### PROBLEM REQUIREMENTS
Within the records below, reproduce without change the lines from the line that has "Кошмар в отеле: в" through the line that has "Makro Foto einer", and only those.

*** Opening DATA FOR THIS TASK ***

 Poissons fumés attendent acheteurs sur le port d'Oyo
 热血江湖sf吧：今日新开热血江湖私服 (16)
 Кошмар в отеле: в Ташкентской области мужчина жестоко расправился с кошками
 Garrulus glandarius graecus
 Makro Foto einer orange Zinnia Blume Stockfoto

*** Closing DATA FOR THIS TASK ***
*** Opening DATA FOR THIS TASK ***

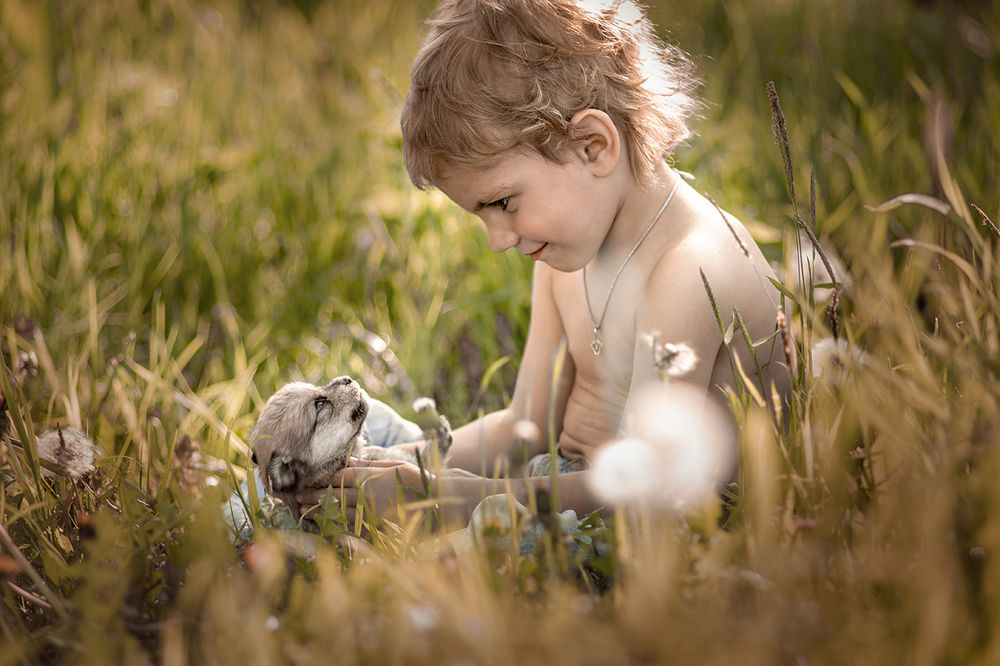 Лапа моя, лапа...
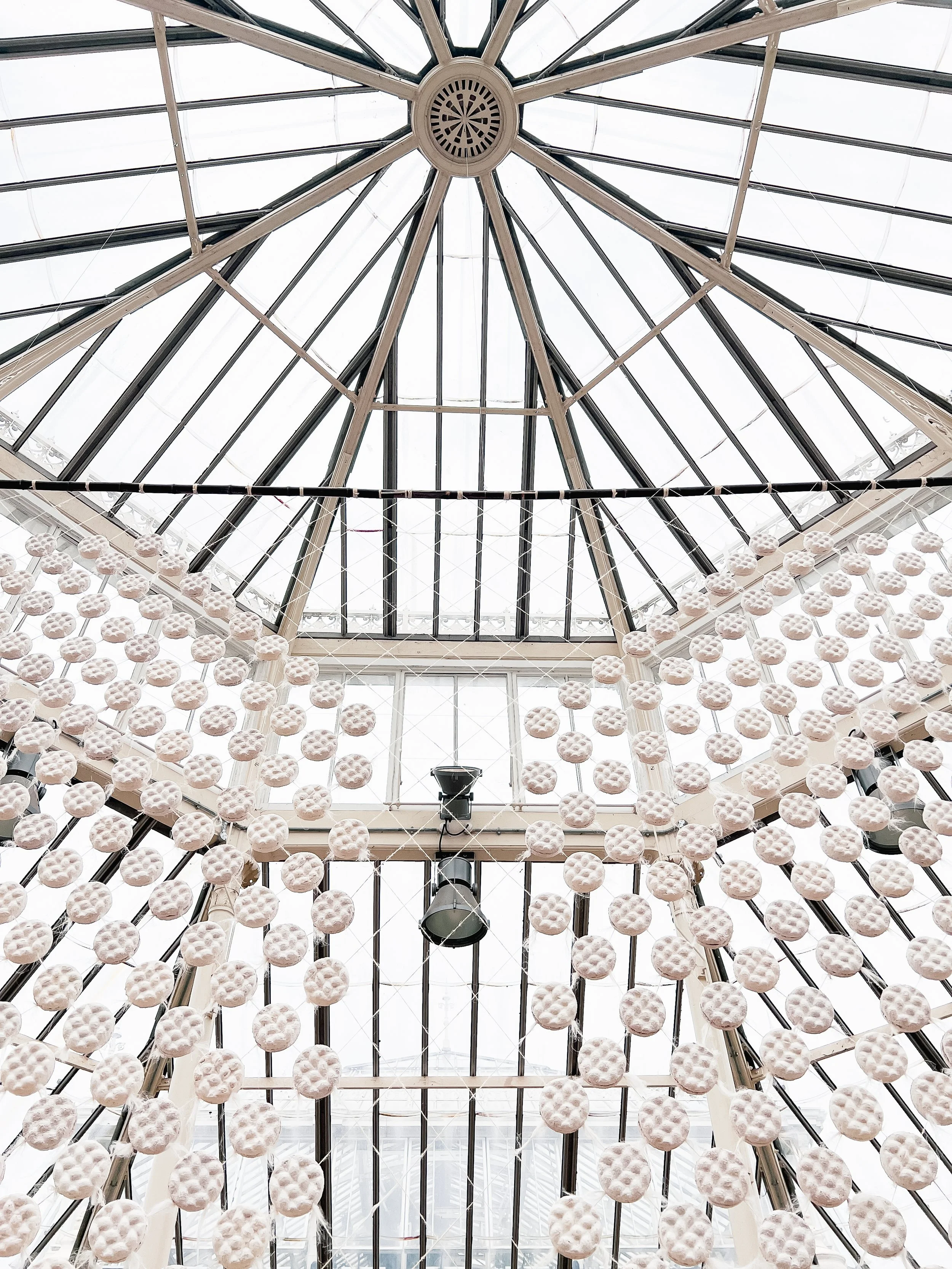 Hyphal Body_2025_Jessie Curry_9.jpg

*** Closing DATA FOR THIS TASK ***

### WORKED SOLUTION
 Кошмар в отеле: в Ташкентской области мужчина жестоко расправился с кошками
 Garrulus glandarius graecus
 Makro Foto einer orange Zinnia Blume Stockfoto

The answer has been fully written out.